Stochastic Oscillator is an oscillator that records the price fluctuations and speed which is known as momentum.
The Stochastic Oscillator formula doesn’t tell you whether you should use this indicator or not.
Any indicator has a special formula which is different from the other indicators.
What has made Stochastic Oscillator different from the other indicators is that, it doesn’t roughly follow the price, like what many other indicators do.
It tracks the speed of the price changes which is also known as momentum.
The most important point here is that, as the momentum changes before the price changes its direction, you can make big mistakes if you enter the market right after Stochastic changes its direction.
This is how most traders lose when they use Stochastic, whereas the problem is in the way they use this indicator, not in the indicator itself.
The most important part of Stochastic is the %K parameter.
It is set to 14 by default and most stock traders use this settings, but on MT4 platform it is set to 5.
However, it doesn’t make a big difference actually, at least in the way that I am going to show you to use it.
Like RSI, Stochastic Oscillator goes to overbought and oversold areas.
When the price goes up for a few candlesticks, Stochastic Oscillator goes to the overbought area which is above the 80 level.
When the price goes down for a few candlestick, Stochastic Oscillator goes to oversold area which is below the 20 level.

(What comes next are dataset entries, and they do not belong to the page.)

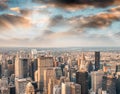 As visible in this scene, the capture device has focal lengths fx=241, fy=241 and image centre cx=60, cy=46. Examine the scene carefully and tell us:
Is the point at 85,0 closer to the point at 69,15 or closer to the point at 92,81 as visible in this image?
the point at 69,15

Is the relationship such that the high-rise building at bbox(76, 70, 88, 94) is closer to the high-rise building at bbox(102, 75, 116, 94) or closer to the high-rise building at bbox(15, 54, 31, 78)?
the high-rise building at bbox(102, 75, 116, 94)

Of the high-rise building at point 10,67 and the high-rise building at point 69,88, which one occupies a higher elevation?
the high-rise building at point 10,67

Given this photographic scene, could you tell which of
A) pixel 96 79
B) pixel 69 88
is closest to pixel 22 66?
pixel 69 88

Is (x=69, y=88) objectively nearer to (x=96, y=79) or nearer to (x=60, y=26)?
(x=96, y=79)

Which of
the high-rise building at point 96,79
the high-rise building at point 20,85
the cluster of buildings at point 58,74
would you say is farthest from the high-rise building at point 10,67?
the high-rise building at point 96,79

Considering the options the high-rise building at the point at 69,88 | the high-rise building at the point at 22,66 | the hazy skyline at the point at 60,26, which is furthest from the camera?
the high-rise building at the point at 22,66

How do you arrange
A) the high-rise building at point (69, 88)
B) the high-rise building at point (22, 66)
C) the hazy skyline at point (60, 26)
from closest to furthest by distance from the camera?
the high-rise building at point (69, 88) < the hazy skyline at point (60, 26) < the high-rise building at point (22, 66)

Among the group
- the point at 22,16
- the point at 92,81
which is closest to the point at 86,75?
the point at 92,81

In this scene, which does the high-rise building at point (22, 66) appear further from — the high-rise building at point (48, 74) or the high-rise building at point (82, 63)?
the high-rise building at point (82, 63) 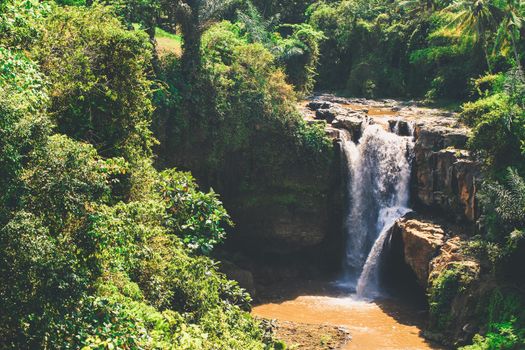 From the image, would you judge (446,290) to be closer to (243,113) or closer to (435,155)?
(435,155)

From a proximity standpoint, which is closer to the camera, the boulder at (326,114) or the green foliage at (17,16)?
the green foliage at (17,16)

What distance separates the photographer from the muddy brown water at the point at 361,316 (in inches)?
764

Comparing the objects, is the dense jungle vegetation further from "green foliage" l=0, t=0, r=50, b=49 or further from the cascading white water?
the cascading white water

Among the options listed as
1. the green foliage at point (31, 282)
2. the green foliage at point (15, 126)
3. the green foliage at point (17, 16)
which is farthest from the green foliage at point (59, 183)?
the green foliage at point (17, 16)

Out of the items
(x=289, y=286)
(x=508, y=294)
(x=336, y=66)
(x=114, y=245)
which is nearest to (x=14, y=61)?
(x=114, y=245)

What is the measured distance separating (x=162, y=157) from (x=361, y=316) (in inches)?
361

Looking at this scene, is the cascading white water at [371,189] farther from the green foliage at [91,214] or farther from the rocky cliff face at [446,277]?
the green foliage at [91,214]

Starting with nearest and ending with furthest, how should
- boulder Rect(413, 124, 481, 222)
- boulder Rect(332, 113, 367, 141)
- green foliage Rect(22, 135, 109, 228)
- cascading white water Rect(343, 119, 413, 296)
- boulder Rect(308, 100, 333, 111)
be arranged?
1. green foliage Rect(22, 135, 109, 228)
2. boulder Rect(413, 124, 481, 222)
3. cascading white water Rect(343, 119, 413, 296)
4. boulder Rect(332, 113, 367, 141)
5. boulder Rect(308, 100, 333, 111)

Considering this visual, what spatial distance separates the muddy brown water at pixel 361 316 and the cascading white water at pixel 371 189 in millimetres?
2108

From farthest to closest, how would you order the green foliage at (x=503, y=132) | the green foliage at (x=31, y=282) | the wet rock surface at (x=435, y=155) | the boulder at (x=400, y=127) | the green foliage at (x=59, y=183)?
the boulder at (x=400, y=127)
the wet rock surface at (x=435, y=155)
the green foliage at (x=503, y=132)
the green foliage at (x=59, y=183)
the green foliage at (x=31, y=282)

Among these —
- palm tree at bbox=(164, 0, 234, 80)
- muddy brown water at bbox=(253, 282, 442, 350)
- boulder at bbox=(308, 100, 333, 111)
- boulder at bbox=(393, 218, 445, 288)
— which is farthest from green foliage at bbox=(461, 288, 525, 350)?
palm tree at bbox=(164, 0, 234, 80)

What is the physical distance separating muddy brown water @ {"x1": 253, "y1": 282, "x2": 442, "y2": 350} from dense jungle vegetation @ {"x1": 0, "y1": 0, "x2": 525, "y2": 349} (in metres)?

Some traders are used to change these levels to 70 and 30 to filter out some of the false trade setups.
However, this is not a good idea and we really don’t have to do that:
As I mentioned earlier in this article, Stochastic Oscillator’s application is completely different from what most traders think.
Stochastic Oscillator is an indicator to follow the price speed, not the price movements.
As you see on the above chart, Stochastic is used to go up and down between the 20 and 80 levels.
Most traders think that they should buy when Stochastic Oscillator changes its direction and goes up from the oversold area, and they should sell when it changes its direction and goes down from the overbought area.
This is a big mistake, because the price can keep on going down for such a long time, even when Stochastic goes up and leaves the oversold area.
It can also go up for so many more candlesticks, even when Stochastic goes down and leaves the overbought area.
How to Use Stochastic Oscillator
Here, I am going to teach you how to use Stochastic Oscillator in a completely mechanical trading system.
If you like to use this system, you have to forget everything you already know about this indicator.
Try to use it in a completely new way which is in fact the real way that Stochastic Oscillator has to be used.
Stochastic Oscillator cannot be the only indicator that tells you when to buy and sell.
It was not created to do that. It has to be used along with the price actions.
If you look at Stochastic Oscillator only to get in or out of the market, you will lose, even if you have the other Oscillator indicators like RSI and MACD on your charts.
It is almost the same with all the other Oscillators.
You have to use them along with the price actions.
It is the price action that has to give you a buy or sell signal first.
Then you have to refer to the indicator and find out whether it also confirms the price action or not.
– What Is the Price Action I Am Talking About?
Experience shows that in case of Stochastic Oscillator, nothing is better than support and resistance breakouts.
However, to keep the trading system as simple and mechanical as possible, we mainly focus on the support and resistance levels.
I will also show you some examples from the support and resistance lines.
So, here is what you have to do:
1) Open a price chart and add the Stochastic Oscillator on it.
You can make the signal line invisible, because we only need the main indicator line.
If you are using MT4 platform, then leave the parameters to have the default settings which is 5, 3, 3.
This is how you can make the signal line invisible:
2) Refer to the weekly chart and zoom out to see the candlesticks as short and thin lines.
This helps you to see the strong, valid and most visible support and resistance levels better.
Why weekly chart?
I said weekly chart because this system works much better on this time frame and also the monthly.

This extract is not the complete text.